"""
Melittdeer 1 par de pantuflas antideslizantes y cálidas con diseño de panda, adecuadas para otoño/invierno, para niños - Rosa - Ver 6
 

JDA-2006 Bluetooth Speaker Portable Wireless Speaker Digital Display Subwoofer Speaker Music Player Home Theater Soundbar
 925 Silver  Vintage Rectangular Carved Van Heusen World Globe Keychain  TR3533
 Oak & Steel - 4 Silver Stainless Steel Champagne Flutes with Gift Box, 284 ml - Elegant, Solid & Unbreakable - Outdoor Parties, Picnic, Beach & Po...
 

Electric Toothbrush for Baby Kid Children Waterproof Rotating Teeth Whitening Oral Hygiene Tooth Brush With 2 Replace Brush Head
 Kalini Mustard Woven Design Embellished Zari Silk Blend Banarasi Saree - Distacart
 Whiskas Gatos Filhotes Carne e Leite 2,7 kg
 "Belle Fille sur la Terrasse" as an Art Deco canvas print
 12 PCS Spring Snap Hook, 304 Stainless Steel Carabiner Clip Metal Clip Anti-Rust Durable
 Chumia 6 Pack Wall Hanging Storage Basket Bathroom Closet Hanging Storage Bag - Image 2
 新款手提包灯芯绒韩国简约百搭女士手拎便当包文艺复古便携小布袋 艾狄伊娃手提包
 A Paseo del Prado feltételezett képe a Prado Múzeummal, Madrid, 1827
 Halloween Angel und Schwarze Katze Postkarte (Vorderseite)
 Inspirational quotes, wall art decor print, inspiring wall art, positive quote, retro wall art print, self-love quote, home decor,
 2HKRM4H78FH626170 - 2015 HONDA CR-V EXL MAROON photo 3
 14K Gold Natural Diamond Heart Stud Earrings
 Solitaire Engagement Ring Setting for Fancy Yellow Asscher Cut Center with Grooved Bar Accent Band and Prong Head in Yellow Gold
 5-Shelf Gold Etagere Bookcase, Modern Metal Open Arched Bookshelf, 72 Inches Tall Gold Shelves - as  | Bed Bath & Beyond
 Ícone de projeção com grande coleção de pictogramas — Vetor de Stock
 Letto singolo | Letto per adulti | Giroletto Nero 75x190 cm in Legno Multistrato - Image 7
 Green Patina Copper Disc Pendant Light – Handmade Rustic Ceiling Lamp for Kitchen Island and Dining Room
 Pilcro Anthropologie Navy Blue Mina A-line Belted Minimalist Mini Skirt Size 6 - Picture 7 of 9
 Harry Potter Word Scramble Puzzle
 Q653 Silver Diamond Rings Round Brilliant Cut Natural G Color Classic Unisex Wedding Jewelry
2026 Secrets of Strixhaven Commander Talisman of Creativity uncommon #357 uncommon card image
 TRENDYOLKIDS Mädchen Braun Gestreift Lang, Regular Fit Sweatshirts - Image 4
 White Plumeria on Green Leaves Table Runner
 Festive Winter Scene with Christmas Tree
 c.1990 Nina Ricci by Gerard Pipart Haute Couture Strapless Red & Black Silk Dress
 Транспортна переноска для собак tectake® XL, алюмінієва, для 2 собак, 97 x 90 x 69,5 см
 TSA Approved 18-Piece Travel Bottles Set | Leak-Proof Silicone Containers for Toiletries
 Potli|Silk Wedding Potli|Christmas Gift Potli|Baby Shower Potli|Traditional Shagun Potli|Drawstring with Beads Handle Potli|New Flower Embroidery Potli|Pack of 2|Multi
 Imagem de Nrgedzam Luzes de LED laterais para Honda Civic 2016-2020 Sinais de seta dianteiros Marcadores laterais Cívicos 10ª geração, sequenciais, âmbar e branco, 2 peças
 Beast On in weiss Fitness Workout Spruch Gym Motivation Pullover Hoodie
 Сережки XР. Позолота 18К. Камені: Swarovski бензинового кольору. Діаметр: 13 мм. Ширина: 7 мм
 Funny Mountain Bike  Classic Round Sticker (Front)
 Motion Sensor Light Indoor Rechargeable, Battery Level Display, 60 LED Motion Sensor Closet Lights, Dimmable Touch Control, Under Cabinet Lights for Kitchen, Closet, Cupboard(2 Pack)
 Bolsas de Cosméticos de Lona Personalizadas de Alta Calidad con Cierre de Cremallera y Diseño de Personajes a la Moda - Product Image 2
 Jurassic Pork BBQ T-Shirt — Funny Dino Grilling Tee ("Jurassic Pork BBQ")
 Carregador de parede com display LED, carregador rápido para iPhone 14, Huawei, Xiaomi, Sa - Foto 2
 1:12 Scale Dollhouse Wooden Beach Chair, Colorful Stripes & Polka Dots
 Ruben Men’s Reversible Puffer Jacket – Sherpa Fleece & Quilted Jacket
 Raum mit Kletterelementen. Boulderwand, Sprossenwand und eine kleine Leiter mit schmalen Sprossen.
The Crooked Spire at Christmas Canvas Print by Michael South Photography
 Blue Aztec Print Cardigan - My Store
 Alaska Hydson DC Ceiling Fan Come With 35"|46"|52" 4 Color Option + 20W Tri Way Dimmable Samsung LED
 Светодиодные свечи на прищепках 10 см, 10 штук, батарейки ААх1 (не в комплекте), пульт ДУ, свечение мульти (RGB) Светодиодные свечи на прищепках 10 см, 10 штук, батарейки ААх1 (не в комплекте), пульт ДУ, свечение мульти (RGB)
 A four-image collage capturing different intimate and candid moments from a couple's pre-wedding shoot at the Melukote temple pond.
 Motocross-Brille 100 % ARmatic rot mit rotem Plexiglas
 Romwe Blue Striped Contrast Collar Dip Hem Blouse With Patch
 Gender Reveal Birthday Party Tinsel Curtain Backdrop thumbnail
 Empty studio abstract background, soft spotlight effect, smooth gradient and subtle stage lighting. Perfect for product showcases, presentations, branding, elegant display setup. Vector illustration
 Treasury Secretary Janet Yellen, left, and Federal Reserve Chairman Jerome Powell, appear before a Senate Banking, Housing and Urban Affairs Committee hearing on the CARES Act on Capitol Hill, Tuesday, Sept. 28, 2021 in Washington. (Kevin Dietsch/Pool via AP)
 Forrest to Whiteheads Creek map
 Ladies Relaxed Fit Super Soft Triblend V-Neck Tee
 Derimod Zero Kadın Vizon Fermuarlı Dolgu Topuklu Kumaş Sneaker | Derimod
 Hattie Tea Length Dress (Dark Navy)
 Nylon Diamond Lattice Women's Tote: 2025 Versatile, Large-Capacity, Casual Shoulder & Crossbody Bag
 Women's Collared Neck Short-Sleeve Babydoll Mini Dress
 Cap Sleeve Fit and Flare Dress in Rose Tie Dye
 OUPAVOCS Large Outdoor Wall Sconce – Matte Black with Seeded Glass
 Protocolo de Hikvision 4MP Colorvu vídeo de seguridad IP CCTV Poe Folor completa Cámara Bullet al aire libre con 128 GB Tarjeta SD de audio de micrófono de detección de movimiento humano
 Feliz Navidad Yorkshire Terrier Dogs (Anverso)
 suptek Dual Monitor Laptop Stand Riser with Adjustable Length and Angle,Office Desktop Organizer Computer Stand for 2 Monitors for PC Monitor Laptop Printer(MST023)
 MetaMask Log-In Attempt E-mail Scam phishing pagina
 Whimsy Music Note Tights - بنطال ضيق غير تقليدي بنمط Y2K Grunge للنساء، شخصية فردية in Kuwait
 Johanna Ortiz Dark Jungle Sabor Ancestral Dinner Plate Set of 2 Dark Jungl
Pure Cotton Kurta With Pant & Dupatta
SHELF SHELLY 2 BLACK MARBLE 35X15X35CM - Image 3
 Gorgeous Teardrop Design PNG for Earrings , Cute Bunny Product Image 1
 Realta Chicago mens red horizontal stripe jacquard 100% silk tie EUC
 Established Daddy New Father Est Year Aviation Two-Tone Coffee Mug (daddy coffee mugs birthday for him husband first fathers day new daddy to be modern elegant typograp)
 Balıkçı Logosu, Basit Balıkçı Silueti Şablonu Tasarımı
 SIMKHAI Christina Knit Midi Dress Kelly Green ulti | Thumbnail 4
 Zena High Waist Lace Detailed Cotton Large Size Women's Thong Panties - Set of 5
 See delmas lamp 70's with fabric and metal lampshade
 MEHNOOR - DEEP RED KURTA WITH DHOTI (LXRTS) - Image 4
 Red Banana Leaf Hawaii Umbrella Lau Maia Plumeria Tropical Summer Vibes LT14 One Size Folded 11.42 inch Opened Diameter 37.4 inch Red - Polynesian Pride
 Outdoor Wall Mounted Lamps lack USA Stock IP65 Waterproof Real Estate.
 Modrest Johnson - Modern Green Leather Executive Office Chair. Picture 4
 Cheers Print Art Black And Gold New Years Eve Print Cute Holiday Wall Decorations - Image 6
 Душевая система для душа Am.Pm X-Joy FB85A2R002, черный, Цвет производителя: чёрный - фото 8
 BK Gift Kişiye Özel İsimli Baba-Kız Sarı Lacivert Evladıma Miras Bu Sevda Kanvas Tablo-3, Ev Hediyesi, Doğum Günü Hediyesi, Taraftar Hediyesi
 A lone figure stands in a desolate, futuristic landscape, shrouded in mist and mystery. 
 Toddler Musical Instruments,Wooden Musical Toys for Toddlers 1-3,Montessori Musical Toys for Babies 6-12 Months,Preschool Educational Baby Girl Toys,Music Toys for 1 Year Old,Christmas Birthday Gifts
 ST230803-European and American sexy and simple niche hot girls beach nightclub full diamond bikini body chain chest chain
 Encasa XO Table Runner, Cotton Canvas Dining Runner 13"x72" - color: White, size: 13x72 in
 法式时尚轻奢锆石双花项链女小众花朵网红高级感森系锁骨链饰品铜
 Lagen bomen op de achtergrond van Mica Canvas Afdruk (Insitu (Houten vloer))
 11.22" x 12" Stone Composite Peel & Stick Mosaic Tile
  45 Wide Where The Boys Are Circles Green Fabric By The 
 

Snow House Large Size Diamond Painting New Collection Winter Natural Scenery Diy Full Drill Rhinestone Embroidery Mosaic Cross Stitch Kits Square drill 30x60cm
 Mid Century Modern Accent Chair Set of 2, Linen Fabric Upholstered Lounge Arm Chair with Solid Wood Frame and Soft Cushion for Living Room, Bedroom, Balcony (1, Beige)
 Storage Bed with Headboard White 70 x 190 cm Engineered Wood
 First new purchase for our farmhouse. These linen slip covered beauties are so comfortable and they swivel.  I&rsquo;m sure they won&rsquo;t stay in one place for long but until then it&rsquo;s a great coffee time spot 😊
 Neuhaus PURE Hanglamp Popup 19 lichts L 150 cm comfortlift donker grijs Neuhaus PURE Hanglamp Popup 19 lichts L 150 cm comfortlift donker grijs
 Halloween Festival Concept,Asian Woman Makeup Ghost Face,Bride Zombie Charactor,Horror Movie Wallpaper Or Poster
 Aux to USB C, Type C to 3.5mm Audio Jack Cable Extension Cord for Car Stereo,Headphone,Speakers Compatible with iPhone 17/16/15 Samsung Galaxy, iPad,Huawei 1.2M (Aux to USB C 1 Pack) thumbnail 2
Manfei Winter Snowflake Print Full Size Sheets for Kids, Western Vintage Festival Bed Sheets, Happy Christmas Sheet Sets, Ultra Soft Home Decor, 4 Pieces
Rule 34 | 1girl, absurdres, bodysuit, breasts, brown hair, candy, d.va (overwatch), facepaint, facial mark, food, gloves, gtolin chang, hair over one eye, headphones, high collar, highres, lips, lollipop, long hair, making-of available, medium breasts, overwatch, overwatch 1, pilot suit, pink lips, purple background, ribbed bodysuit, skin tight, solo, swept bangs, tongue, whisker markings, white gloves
"""
▶ **Your assignment**
The answer must be a verbatim transcription of the entries above, from the first line through the line that contains "Whiskas Gatos Filhotes Carne e Leite 2,7 kg", and nothing more.

▶ **Solution for this problem**
Melittdeer 1 par de pantuflas antideslizantes y cálidas con diseño de panda, adecuadas para otoño/invierno, para niños - Rosa - Ver 6
 

JDA-2006 Bluetooth Speaker Portable Wireless Speaker Digital Display Subwoofer Speaker Music Player Home Theater Soundbar
 925 Silver  Vintage Rectangular Carved Van Heusen World Globe Keychain  TR3533
 Oak & Steel - 4 Silver Stainless Steel Champagne Flutes with Gift Box, 284 ml - Elegant, Solid & Unbreakable - Outdoor Parties, Picnic, Beach & Po...
 

Electric Toothbrush for Baby Kid Children Waterproof Rotating Teeth Whitening Oral Hygiene Tooth Brush With 2 Replace Brush Head
 Kalini Mustard Woven Design Embellished Zari Silk Blend Banarasi Saree - Distacart
 Whiskas Gatos Filhotes Carne e Leite 2,7 kg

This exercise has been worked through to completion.